• _Exercise description_: Leave out every line before the one containing "3.2 To Type", and set down that line and the rest through the end of the listing exactly.

• _Exercise data_:

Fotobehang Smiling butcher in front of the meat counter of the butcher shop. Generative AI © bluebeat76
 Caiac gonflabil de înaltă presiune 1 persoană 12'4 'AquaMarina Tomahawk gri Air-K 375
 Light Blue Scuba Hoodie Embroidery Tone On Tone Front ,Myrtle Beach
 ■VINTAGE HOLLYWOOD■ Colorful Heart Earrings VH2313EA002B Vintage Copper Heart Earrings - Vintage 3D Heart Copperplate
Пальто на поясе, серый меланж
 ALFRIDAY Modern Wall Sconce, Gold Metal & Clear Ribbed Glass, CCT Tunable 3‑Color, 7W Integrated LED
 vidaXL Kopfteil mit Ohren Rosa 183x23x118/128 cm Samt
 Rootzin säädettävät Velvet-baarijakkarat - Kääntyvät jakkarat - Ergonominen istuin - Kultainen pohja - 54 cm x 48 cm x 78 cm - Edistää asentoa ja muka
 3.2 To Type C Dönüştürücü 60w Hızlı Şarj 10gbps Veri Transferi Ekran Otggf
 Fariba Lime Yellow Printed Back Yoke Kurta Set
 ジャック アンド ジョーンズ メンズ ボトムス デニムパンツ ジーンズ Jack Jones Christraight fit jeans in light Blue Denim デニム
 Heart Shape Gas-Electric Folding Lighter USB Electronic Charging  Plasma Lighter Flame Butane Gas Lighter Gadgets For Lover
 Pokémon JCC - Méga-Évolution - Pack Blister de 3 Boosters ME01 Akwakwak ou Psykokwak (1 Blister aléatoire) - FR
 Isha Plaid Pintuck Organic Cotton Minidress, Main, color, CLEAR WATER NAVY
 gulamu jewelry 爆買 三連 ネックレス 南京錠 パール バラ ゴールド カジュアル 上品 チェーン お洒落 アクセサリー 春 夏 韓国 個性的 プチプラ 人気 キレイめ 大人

• _Written solution_:
 3.2 To Type C Dönüştürücü 60w Hızlı Şarj 10gbps Veri Transferi Ekran Otggf
 Fariba Lime Yellow Printed Back Yoke Kurta Set
 ジャック アンド ジョーンズ メンズ ボトムス デニムパンツ ジーンズ Jack Jones Christraight fit jeans in light Blue Denim デニム
 Heart Shape Gas-Electric Folding Lighter USB Electronic Charging  Plasma Lighter Flame Butane Gas Lighter Gadgets For Lover
 Pokémon JCC - Méga-Évolution - Pack Blister de 3 Boosters ME01 Akwakwak ou Psykokwak (1 Blister aléatoire) - FR
 Isha Plaid Pintuck Organic Cotton Minidress, Main, color, CLEAR WATER NAVY
 gulamu jewelry 爆買 三連 ネックレス 南京錠 パール バラ ゴールド カジュアル 上品 チェーン お洒落 アクセサリー 春 夏 韓国 個性的 プチプラ 人気 キレイめ 大人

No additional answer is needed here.